We introduce the rough row-based encoding format in relational states
In this doc, we will take HashAgg with extreme state (max
, min
) or value state (sum
, count
) for example, and introduce a more detailed design for the internal table schema.
table_id
is a globally unique id allocated in meta for each relational table object. Meta is responsible for traversing the Plan Tree and calculating the total number of Relational Tables needed. For example, the Hash Join Operator needs 2, one for the left table and one for the right table. The number of tables needed for Agg depends on the number of agg calls.
Query example:
select sum(v2), count(v3) from t group by v1
This query will need to initiate 2 Relational Tables. The schema is table_id/group_key
.
Query example:
select max(v2), min(v3) from t group by v1
This query will need to initiate 2 Relational Tables. If the upstream is not append-only, the schema becomes table_id/group_key/sort_key/upstrea_pk
.
The order of sort_key
depends on the agg call kind. For example, if it's max()
, sort_key
will order with Ascending
. if it's min()
, sort_key
will order with Descending
.
The upstream_pk
is also appended to ensure the uniqueness of the key.

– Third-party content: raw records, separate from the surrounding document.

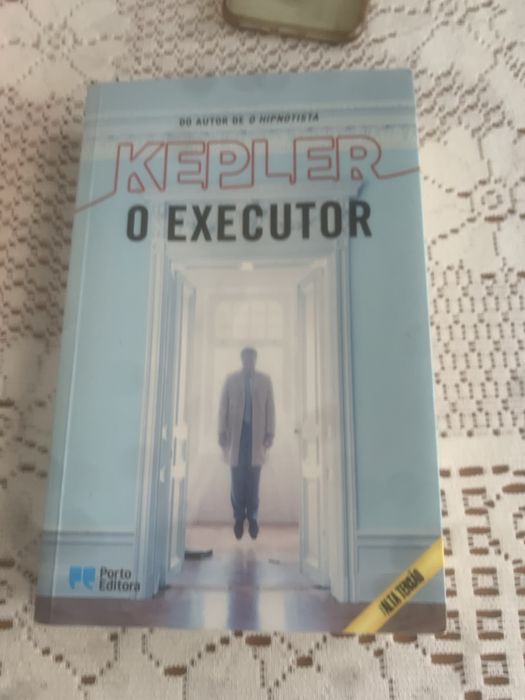 A Vidente # O Executor # O Hipnotista # Lars Kepler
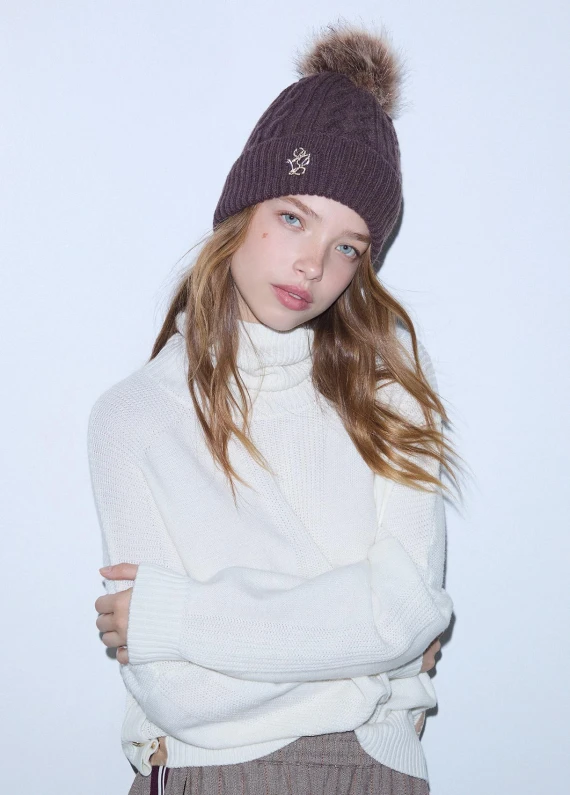 Cappello a cuffia a coste con pompon
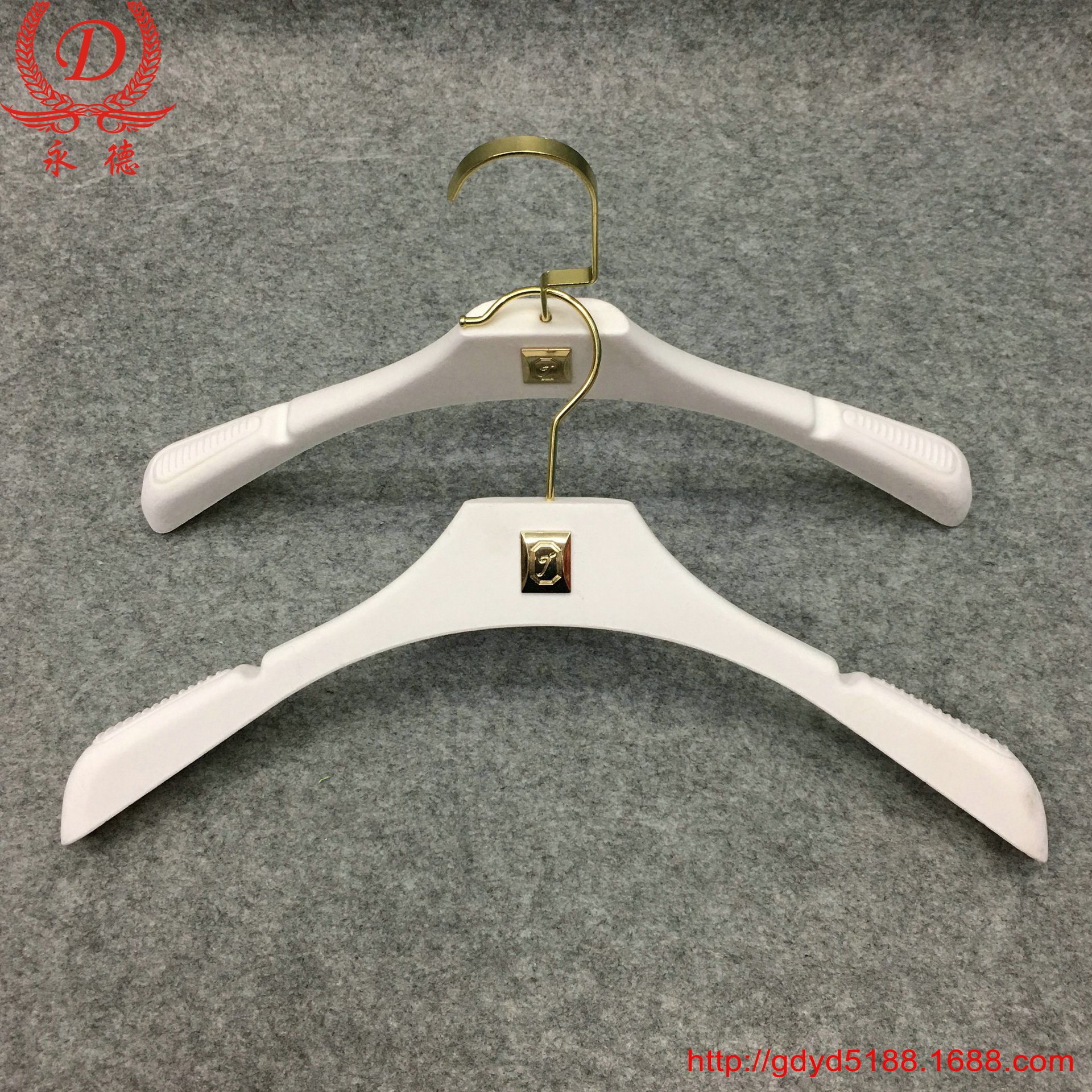 永德 时尚纯白天鹅绒植绒挂衣架 衣服挂无痕防滑婚纱礼服大衣专用|ms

This design allows the streaming executor not to read all the data from the storage when the cache fails, but only a part of it. The streaming executor will try to write all streaming data to storage, because there may be update
or delete
operations in the stream, it's impossible to always guarantee correct results without storing all data.
If t
is created with append-only flag, the schema becomes table_id/group_key
, which is the same for Value State. This is because in the append-only mode, there is no update
or delete
operation, so the cache will never miss. Therefore, we only need to write one value to the storage.